El auto comenzó a subir por montañas que ni siquiera habíamos visto. El viento empezó a soplar, fresco pero no frío, y el aire se limpió en un momento. Era una tarde perfecta. El sol que poco antes se divisaba como una iridiscente pelota naranja, ahora era el astro rey de finales de primavera. Había árboles de diversos verdes, tamaños y hojas, desde las sabinas chinenesis, hasta sauces, ciruelos, albericoques, duraznos, gincobilobas. El agua de un lago artificial (donde pueden, los chinos construyen diques para las hidroeléctricas) resplandecía. Empezamos a reírnos de contento.
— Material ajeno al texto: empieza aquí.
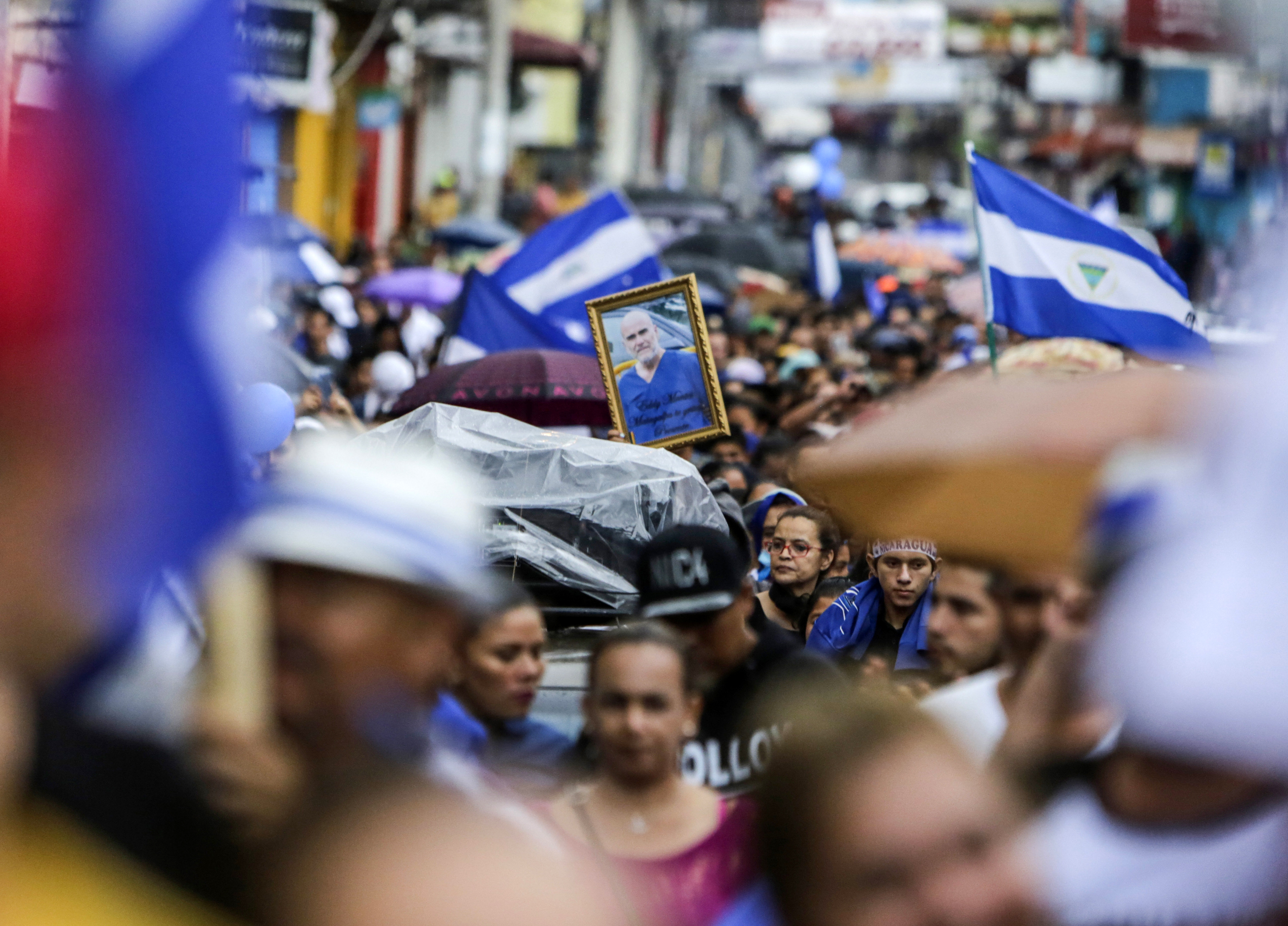 Nicaragua manda a arresto domiciliario a 100 detenidos en protestas Nicaragua manda a arresto domiciliario a 100 detenidos en protestas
Pero, y eso después de veinte días deberíamos saberlo, en China el placer –como cualquier sentimiento o razón- siempre tiene un límite que los humanos, en particular los humanos desesperados por la obtención de ganancias, le ponen. De una curva, seiscientos metros antes de llegar al templo Shaolin, después de haber dejado a nuestras espaldas el pueblo de Song Shan, un viejo calvo se lanzó a las llantas del taxi para que éste frenara y él pudiera empezar a referir una lenta letanía de motivos por los que el taxista debía llevarnos a su hotel.
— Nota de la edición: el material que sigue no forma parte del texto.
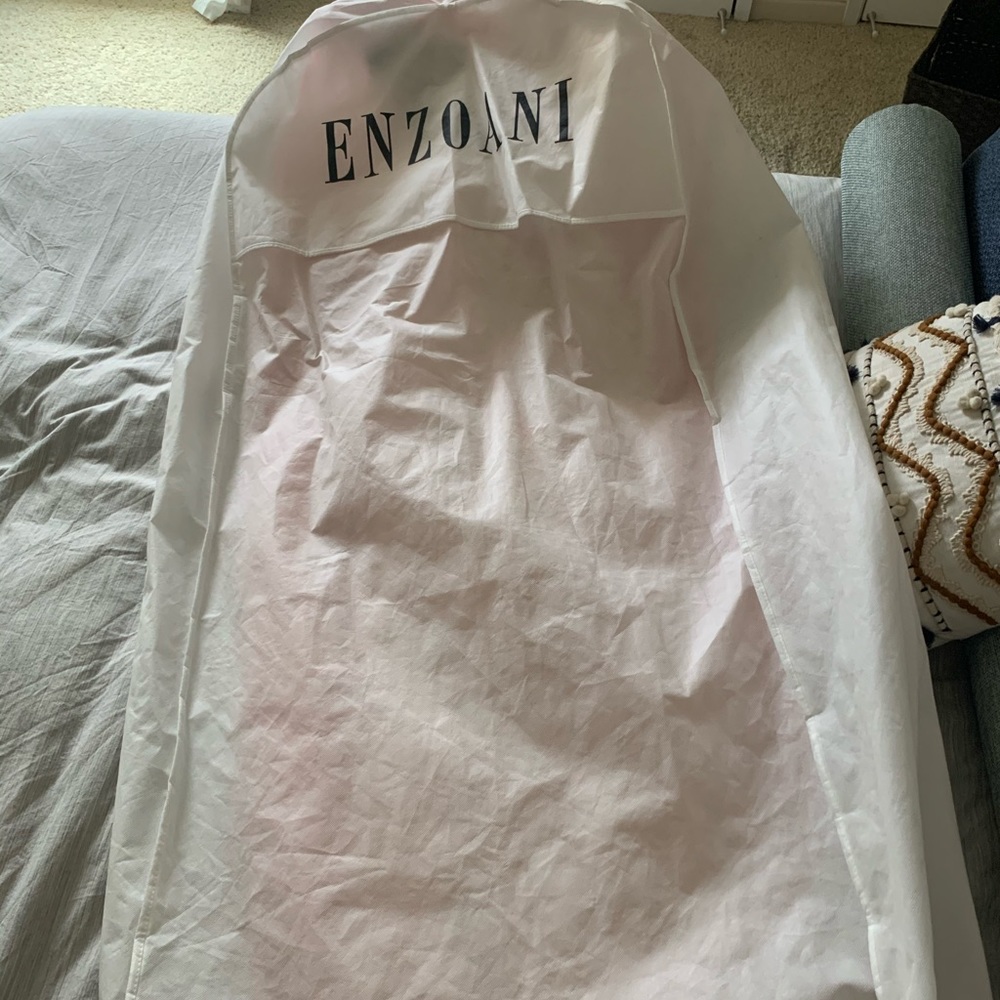 Enzoani Larissa Wedding Dress- worn once - Picture 8 of 16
Una vez ahí empezó el debate sobre cuánto nos costaría la noche (siendo los números lo único que se escribe igual en oriente como en occidente, la discusión se reduce a una pelea de papelitos con números), de que no nos fuéramos, de que comiéramos. Y todo ello en chino. La nieta del dueño –o una niña tratada como familiar que trabajaba de la mañana a la noche- escribía en caracteres latinos, con mucha habilidad por cierto, todas sus palabras en chino y no podía entender por qué nosotras seguíamos sin entenderla. Como si entre signo y significado la relación debiera ser directa. Obsesionada con que nos quedáramos, nos atosigaba con ofrecimientos entre incomprensibles y absurdos –comida, clases de kung fu, maestros, taxis, carne de perro- en un desorden y con una ansiedad que llegaron a hostigarnos.
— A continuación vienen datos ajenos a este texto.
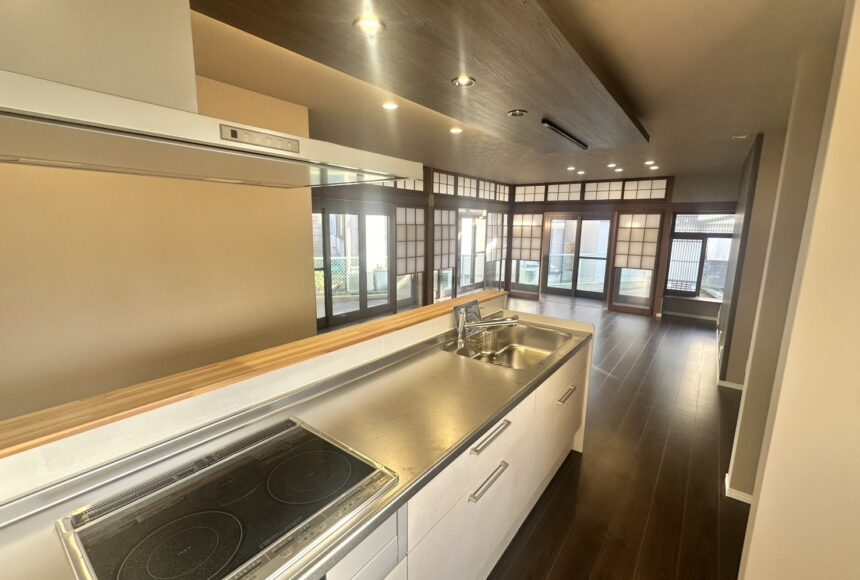 熊本市北区清水新地2丁目　2階建　4LDK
Cuando del hotel logramos salir a la tiendita de la esquina y bajamos sus tres escaloncitos para llegar a un espacio semejante al de muchos pueblos mexicanos, con sus refrescos calientes, sus galletas y pocos productos caseros, suspiramos de alivio.

Luego, el paseo por la tarde que bajaba, bajo las primeras estrellas que veíamos en muchas noches, entre las escuelas de artes marciales desarrolladas por monjes budistas totalmente vegetarianos, cuyos estudiantes estaban sentados en grupo alrededor de maestros que les hacían jugar, o seguían entrenándolos, nos calmó los ánimos por completo. Helena empezó a reflexionar sobre qué son y qué no son los internados, por qué a ella los internados se le hacen un espacio que sólo sirve para aquellas madres y padres que quieren deshacerse de sus hijos, que en los internados no hay vida personal. En fin, un alegato contra la escuela represiva, contra la obligación de especializarse desde temprana edad, contra la disciplina rígida que se contradecía con las risas que provenían de los grupos de estudiantes shaolin.
Esa noche dormimos como troncos y muy temprano por la mañana, después de tragarnos el desayuno desabrido de la nieta del hotelero y sus innumerables ofrecimientos nuevamente escritos en chino con caracteres latinos, logramos entrar al valle de los templos, escuelas y pagodas de estos monjes y discípulos (hay cuatro mujeres estudiantes por cada veinte muchachos, aproximadamente) que encuentran en las técnicas de lucha más variadas –y escenográficas- el autocontrol necesario para defender la paz del Buda. No hay que olvidar que los Budas en su camino de perfeccionamiento y de iluminación, no están siempre en actitud contemplativa o retirada del mundo, sino intervienen compasivamente en pos de la justicia en la vida de los seres humanos y de los inmortales, por ello luchan contra los demonios del desorden, de la codicia, de la agresión, del desaliento que siempre están al acecho para restablecer el caos. Son ayudados en eso por sus guardianes, a lo que aspiran devenir los maestros shaolin de la perfección, que han aprendido de los movimientos de los animales a controlar sus impulsos, su fuerza, su agilidad, así como de los árboles a usar palos, chacos, espadas, lanzas.
Muchas de las escuelas y templos fueron destruidos durante las guerras internas que siguieron la caída del imperio y la invasión japonesa a China, pero fueron reconstruidos según las tradiciones y los dibujos que quedaban de los mismos. Grandes espacios para el espectáculo de las luchas, que implica también una escenografía distinta por cada escuela, se abren entre los campos como teatros al aire libre y en los templos como teatros cubiertos.
La foresta de pagodas, una seiscientas elevadas construcciones de monumentos techados y pequeños que contienen las cenizas de los monjes más famosos, descansan entre árboles desde el siglo VI de la era común.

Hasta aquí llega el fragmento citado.